The first film on the disc is Chamber Of Horrors. This 1966 horror film is an amalgam of the horror film trends of the mid-'60s and an illustration of how television had changed the horror genre. The movie starts with a "grave warning" - one that would make William Castle proud - that there will be scenes so terrifying that management has put visual and audible warning in place for the viewer. There is the Fear Flasher (a flashing red light around the screen) and the Horror Horn (a wailing siren) to warn you when to turn away and close your eyes.
This gimmick is actually pretty clever. The viewer is warned that it will go off at "four supreme fright points" during the film. One, that creates the suspense of waiting for the warnings. Two, the sound of the siren and the flashing red lights caused more stress for me than the "fright points" they were warning me about.
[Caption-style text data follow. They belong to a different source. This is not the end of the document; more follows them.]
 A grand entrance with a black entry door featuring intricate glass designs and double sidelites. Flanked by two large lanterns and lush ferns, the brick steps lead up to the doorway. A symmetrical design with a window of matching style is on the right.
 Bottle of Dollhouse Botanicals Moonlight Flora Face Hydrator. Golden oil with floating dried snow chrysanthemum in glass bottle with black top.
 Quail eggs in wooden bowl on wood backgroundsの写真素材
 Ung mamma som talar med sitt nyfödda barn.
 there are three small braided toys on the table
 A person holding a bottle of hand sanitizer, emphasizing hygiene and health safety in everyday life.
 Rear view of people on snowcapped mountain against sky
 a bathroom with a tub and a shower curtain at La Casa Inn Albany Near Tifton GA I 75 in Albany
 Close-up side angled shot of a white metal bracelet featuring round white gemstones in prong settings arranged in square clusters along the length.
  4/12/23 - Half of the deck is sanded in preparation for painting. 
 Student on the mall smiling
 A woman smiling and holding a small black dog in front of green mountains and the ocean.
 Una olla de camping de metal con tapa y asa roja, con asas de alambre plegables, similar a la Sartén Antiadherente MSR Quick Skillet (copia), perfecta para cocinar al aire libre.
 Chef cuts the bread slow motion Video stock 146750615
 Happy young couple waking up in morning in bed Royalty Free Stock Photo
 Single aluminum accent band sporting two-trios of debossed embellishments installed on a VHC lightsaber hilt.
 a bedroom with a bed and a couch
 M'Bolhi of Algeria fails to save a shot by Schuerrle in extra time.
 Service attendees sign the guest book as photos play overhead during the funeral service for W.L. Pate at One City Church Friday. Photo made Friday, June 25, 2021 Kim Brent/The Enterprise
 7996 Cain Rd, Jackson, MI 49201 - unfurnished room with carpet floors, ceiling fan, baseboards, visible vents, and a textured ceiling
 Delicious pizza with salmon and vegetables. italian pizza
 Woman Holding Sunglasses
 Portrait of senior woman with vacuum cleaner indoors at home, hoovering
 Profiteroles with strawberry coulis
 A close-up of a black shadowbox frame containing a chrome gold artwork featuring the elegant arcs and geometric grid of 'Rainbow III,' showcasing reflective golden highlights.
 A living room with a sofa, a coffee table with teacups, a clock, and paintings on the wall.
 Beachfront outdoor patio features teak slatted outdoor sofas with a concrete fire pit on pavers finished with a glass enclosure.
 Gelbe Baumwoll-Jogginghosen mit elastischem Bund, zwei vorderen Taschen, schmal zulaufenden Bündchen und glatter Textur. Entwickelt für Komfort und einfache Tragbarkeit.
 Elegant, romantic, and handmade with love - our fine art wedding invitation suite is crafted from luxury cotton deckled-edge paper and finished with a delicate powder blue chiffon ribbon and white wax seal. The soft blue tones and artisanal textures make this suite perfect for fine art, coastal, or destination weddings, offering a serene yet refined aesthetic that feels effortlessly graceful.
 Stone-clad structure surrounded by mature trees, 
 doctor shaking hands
The movie, while American, is solidly based in the British tradition of horror films. The setting is turn-of-the-century Baltimore. But the foggy Baltimore of the movie would easily pass for London. The film starts with Jason Crevette (played wonderfully by Patrick O'Neal) forcing a reverend to marry him to a dead bride. Once turned in by the minister, Jason disappears and the police are at a stand still.
Enter our next British influence, Draco and Blount are owners of a local wax museum (very British) that specialized in Murder Through The Ages. They also seem to play the parts of Sherlock Holmes and Watson - operating outside the police to help solve murders. They are played off the police (who might as well be Scotland Yard) by an Inspector that doesn't want their help and a Sergeant (played by future Trapper John from M*A*S*H - Wayne Rogers) who's their friend. Draco and Blount are helped by my favorite horror genre tradition - a dwarf named Pepe.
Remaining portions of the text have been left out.